Updated: Jun 9, 2020

I was very hesitant about writing this piece. In fact, I had already concluded that I was not going to write and publish it at all.

That explains the last minute publication.


——


I was unexpectedly born into a family of seven. Then I made it an eight. Because my mother had a sequence by which the sexes for her children were determined, everyone expected me to be a boy. My mother’s children came first as a girl, followed by a boy. So six years after my parents had their youngest daughter at the time, I popped up. And just like every other family relative, my parents expected me to be a boy.


My father took all of his children to the same nursery and primary school. Some proceeded to junior school then transferred to another high school but I left Ndow’s Comprehensive at fifth grade and went to West African International School where I graduated high school in 2017. But in those five years of my life at WAIS, I learned a lot through countless mistakes I now look back to in amusement.


2012-2018 must have been the most eventful time of my life yet.
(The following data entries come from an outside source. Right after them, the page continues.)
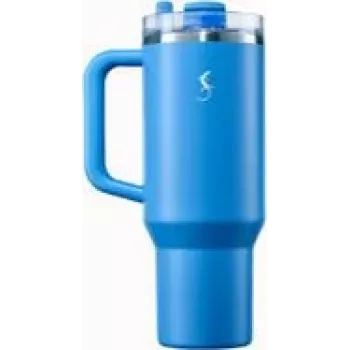 Vaso térmico Lurch DE55240979 1,2 L doble pared acero inoxidable, azul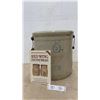 Image 1 : Vintage Red Wing Stoneware Color Illustrated Value Guide & 5 Gallon Crock by Red Wing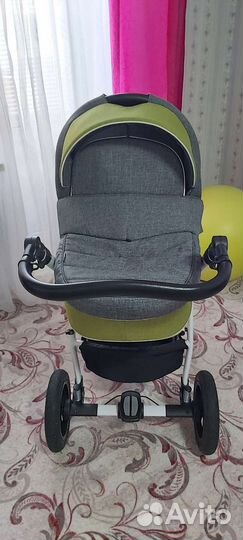 Коляска 2 в 1 Adamex Neonex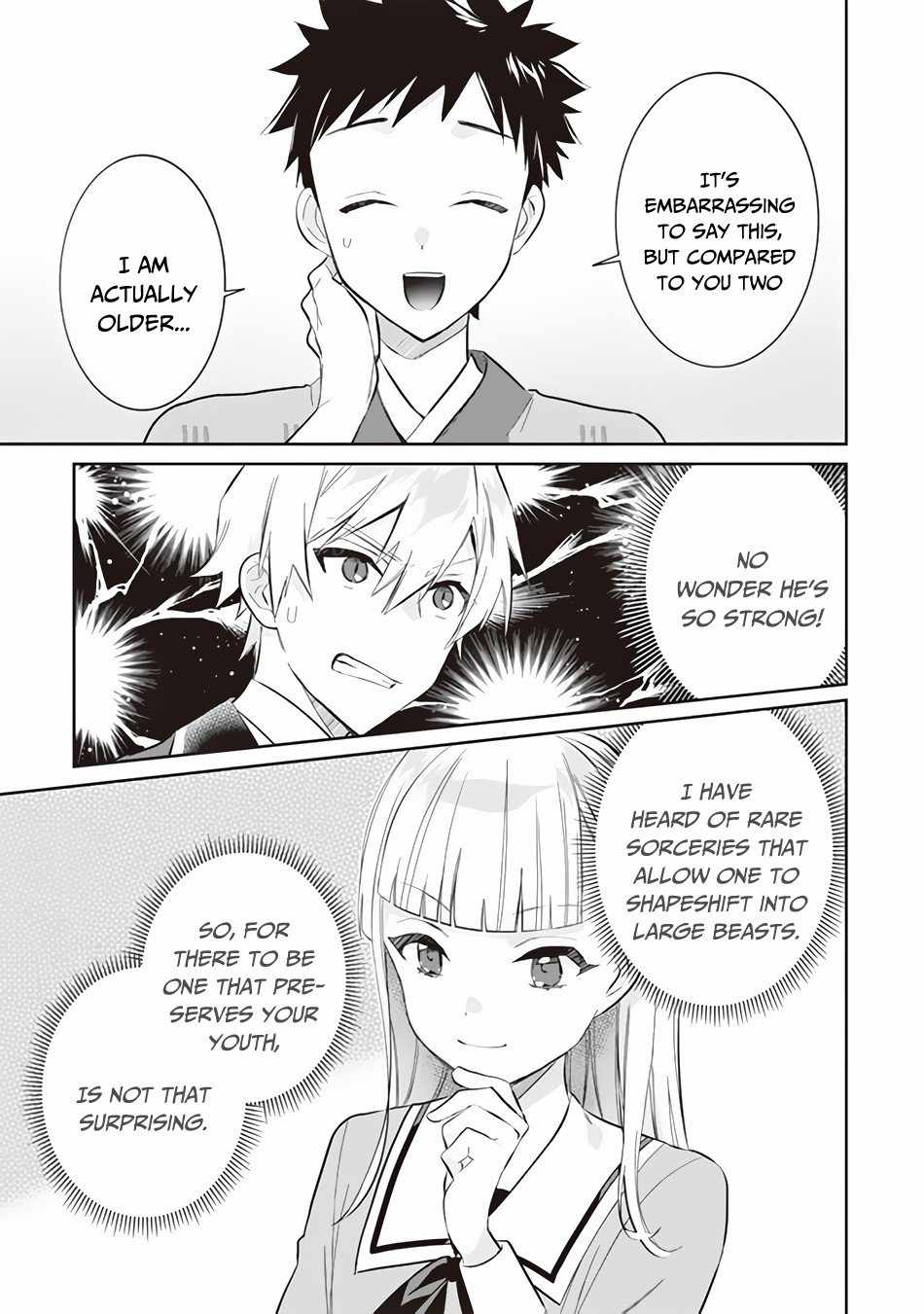 Jimi na Kensei wa Sore Demo Saikyou Desu Chapter 52 - Page 10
I tried different things ranging from creative writing, acting, football, dancing and singing, student body leadership, modeling, one day I was an IT enthusiast and the next I was an aspiring chemist. And in all of that, I also learned of the act of kindness and its effect in people’s life. I learned about how my actions can ruin things just as much as they can mend them.


When I graduated high school, I went through a phase of great change. I suppose it is what I mean when I say, “if you knew me from high school, you would have to meet me all over again now.” Maybe everyone can say that, maybe not.

Over the last few years, I have said reluctant goodbyes to friends whom I have known for over five years. Friends, with whom I learned many of life’s loveliest and painful lessons. Yet some of them, have been lessons presented to me as humans.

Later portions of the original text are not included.